Transplant supply and organ allocation
UKT provided data on the numbers of live and cadaver transplants performed in the UK in 2000 by age group. We then used estimates from the UK Transplant Business Case, which detailed the steps being taken to increase the number of organs available over the 5-year period 2000–2005 [3], to test the effect of three scenarios of the change in transplant supply to 2005. ‘Low transplant’ assumed no change in the number of transplants (22 p.m.p. cadaver, 5 p.m.p. live), ‘High transplant’ assumed all of the UKT target average annual increase of 11% over 5 years is achieved (30 p.m.p. cadaver, 13 p.m.p. live), ‘Pragmatic’ assumed only 90% of the live and 65% of the cadaver target increase would be achieved in this 5-year period.

Some prevalent patients had to be put on the transplant waiting list at the start, all patients in the simulation had to be ‘labelled’ as being suitable for transplantation or not and those on the transplant waiting list were given one of three priority classifications. The allocations were based on data provided by UKT by age and diabetes status (personal communication Rachel Johnson 2002), including:

Modelling uncertainty
The simulation was run with data for the whole of England for up to 30 years with five replications.

The confidence limits of the estimated numbers on treatment for England in 10 years’ time, given the expected variability in the acceptance and transplant rate were within plus or minus 2.5% of the total for each mode of treatment (HD, PD and transplanted patients) and within plus or minus 1% for the predicted total number on treatment.

Scenarios
In the Base scenario we assumed that 2010 age and ethnic acceptance rates were based on year 2000 for Wales, taking account of demographic population changes in England. It used RS as baseline incidence and prevalence rates for year 2000 and assumed a pragmatic increase in transplants.

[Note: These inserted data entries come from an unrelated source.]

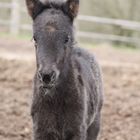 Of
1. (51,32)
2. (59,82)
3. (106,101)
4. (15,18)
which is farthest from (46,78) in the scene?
(15,18)

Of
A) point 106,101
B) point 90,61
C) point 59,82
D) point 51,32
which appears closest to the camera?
point 51,32

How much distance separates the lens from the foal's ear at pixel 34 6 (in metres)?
6.63

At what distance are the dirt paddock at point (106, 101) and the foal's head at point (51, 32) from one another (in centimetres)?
296

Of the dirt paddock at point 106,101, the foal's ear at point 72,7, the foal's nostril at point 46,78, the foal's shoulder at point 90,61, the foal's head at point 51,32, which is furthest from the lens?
the dirt paddock at point 106,101

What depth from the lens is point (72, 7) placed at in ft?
21.7

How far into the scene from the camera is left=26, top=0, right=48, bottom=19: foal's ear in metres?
6.63

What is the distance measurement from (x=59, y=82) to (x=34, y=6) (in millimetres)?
940

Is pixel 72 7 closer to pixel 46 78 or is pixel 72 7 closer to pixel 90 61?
pixel 46 78

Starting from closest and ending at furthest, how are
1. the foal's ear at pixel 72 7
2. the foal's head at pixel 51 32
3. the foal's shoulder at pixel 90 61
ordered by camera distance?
1. the foal's head at pixel 51 32
2. the foal's ear at pixel 72 7
3. the foal's shoulder at pixel 90 61

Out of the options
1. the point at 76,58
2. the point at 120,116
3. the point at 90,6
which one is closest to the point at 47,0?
Answer: the point at 76,58

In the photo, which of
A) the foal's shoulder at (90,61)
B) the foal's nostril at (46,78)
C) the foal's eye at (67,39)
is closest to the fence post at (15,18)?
the foal's shoulder at (90,61)

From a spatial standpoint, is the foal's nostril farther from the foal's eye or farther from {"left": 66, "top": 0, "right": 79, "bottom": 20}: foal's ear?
{"left": 66, "top": 0, "right": 79, "bottom": 20}: foal's ear

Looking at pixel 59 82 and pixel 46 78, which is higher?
pixel 46 78

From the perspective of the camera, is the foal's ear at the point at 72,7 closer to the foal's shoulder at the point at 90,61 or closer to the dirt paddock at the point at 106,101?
the foal's shoulder at the point at 90,61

The other scenarios analysed for this paper are:

  1. Low acceptance rate (AR). 2010 age and ethnic acceptance rates remain the same as estimated for 2000 for England (RS), but take account of population changes. Uses RS estimate as baseline acceptance and stock rates and has pragmatic increase in transplants.
  2. Medium acceptance rate (AR). 2010 age and ethnic acceptance rates based on year 2000 for Scotland, taking account of population changes in England. Uses RS as baseline and has pragmatic increase in transplants.
  3. 10%>Diabetes. Uses Base scenario but the incidence of diabetic ERF in the population increases by a ‘conservative’ 10% in all ages, based on analysis conducted by the UK Office for National Statistics (ONS) on trends in diabetes prevalence using the General Practice Research Database [9], which showed increases in prevalence of nearly 20% from 1994 to 1998. Uses RS as baseline and has pragmatic increase in transplants.
  4. 50%>Diabetes. Uses the Base scenario but acceptance of diabetics increases by 50% in each age group older than 45, to provide a high estimate of the impact of the increasing incidence of Type 2 diabetes. Uses RS as baseline and has pragmatic increase in transplants.
  5. Low transplant. The same as the Base scenario except that there is no increase in transplants.
  6. High transplant. Same as the Base scenario except that there is maximum increase in transplants.
  7. High HD patient survival. Same as the Base scenario except that HD survival had been increased by the difference between the UK and other European centres seen in the IDOPPS study [10]. This is illustrative only; the IDOPPS result may be due to selection effect as there is a much higher proportion of RRT patients on HD in the European centres in the study than in the UK [11].
  8. Choice. Same as the Base scenario except that there was a different balance between HD and PD by taking account of patient choice [12] with a wider availability of HD. In this scenario we increased the proportion of incident patients over 55 starting HD by 10% in absolute terms and reduced it by the same amount for PD.
  9. RR. The same as the Base scenario except that it uses the RR estimates of acceptance and stock rates as the baseline, to test the uncertainty in the starting position as national coverage in England has not yet been achieved by the UKRR.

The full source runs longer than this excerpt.